Je reviens un instant en arrière. A 16 ans, l'on serait, dit-on, trop jeune pour manifester. Mais le gouvernement est ici en pleine contradiction avec lui-même. Comment comprendre en effet que des jeunes de 16 ans, qui sont déjà autorisés à signer un contrat de travail, à adhérer à un syndicat professionnel de leur choix, à effectuer un service civique, qui pourront bientôt diriger une association et même devenir entrepreneurs, soient, dans le même temps, quasiment "interdits" de rue, au motif qu'ils ne seraient que des "enfants" (selon le mot même de Nicolas Sarkozy) ?

Cela n'a aucun sens. A 15 ou 16 ans, et même avant, on sait réfléchir, raisonner (la fameuse pensée abstraite de Jean Piaget). Bref, on a de la maturité, des capacités d'argumentation. Il suffit d'écouter les propos des lycéens pour s'en convaincre définitivement.

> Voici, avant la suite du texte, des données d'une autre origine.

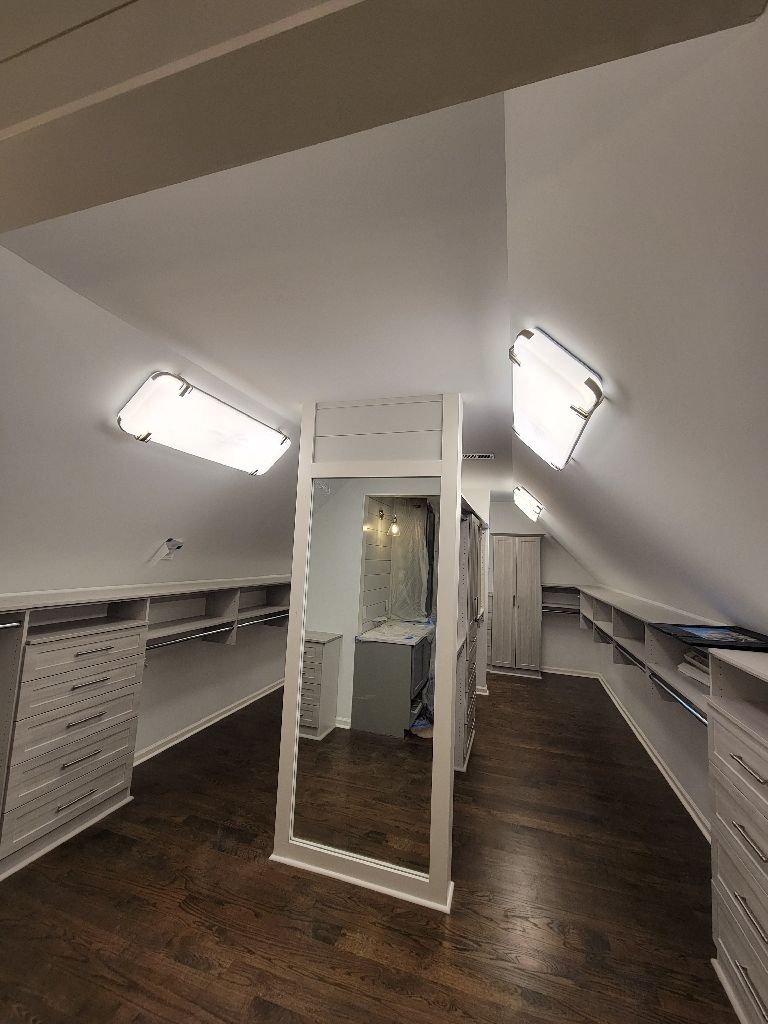 Walk-in closet with sloped ceiling, built-in shelves, large mirror, and wood flooring. Bright overhead lighting.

Mais venons-en aux raisons (multiples) qui conduisent aujourd'hui les jeunes à se mobiliser de plus en plus ?

 

La jeunesse manifeste parce qu'elle a peur, peur du présent, peur de l'avenir, et, à regarder le chômage et la précarité qui la frappent ou l'attendent, elle a bien raison d'avoir peur.

Seul le réactionnaire ex-ministre, et pour le coup fort peu "philosophe", Luc Ferry, est capable de dire que le sort des jeunes n'a jamais été aussi enviable qu'aujourd'hui, que c'était autre chose au temps de l'occupation ou des tranchées en 14-18.

Certes, les jeunes générations passées ont dû affronter de terribles conflits, mais ceux-ci ont toujours fini par s'achever. C'est autre chose avec la "guerre économique mondiale" qui frappe l'Occident depuis bientôt quarante ans, et au premier chef décime les jeunes, boucs émissaires idéaux, une guerre dont personne ne voit l'issue. Bref la jeunesse, qui a de réels et graves problèmes, exprime bien dans la rue, avec beaucoup de lucidité, sa formidable inquiétude.

Elle manifeste encore pour se sentir collectivement exister, par désir aussi d'être reconnue socialement. Elle manifeste enfin parce qu'elle sait que la réforme des retraites (que l'on dit faite pour elle) risque au contraire de la pénaliser lourdement - à long terme certes (à cet égard, l'on a si souvent dit de cette jeunesse qu'elle était imprévoyante que l'on devrait se féliciter, au contraire, de la voir s'intéresser à ce problème, futur pour elle, mais néanmoins gravissime).

Les jeunes n'ignorent pas, en effet, que des vieux plus longtemps au travail, ce sont eux plus nombreux et plus longtemps au chômage.

Pour terminer, je dirai ceci. S'il est de la responsabilité des organisations lycéennes et étudiantes, en concertation avec leur base, de fixer le cap et les modalités de la lutte, c'est le rôle, et même le devoir des forces de gauche et progressistes, de rappeler aux jeunes qu'ils ont le droit de défendre leurs droits menacés, présents et à venir, par tous les moyens démocratiques qu'ils jugent appropriés. Le droit de manifester est l'un de ces droits.

C’est le rôle et même le devoir pour les adultes, salariés et  citoyens que nous sommes de descendre dans la rue pour défendre les droits et l’avenir de nos enfants.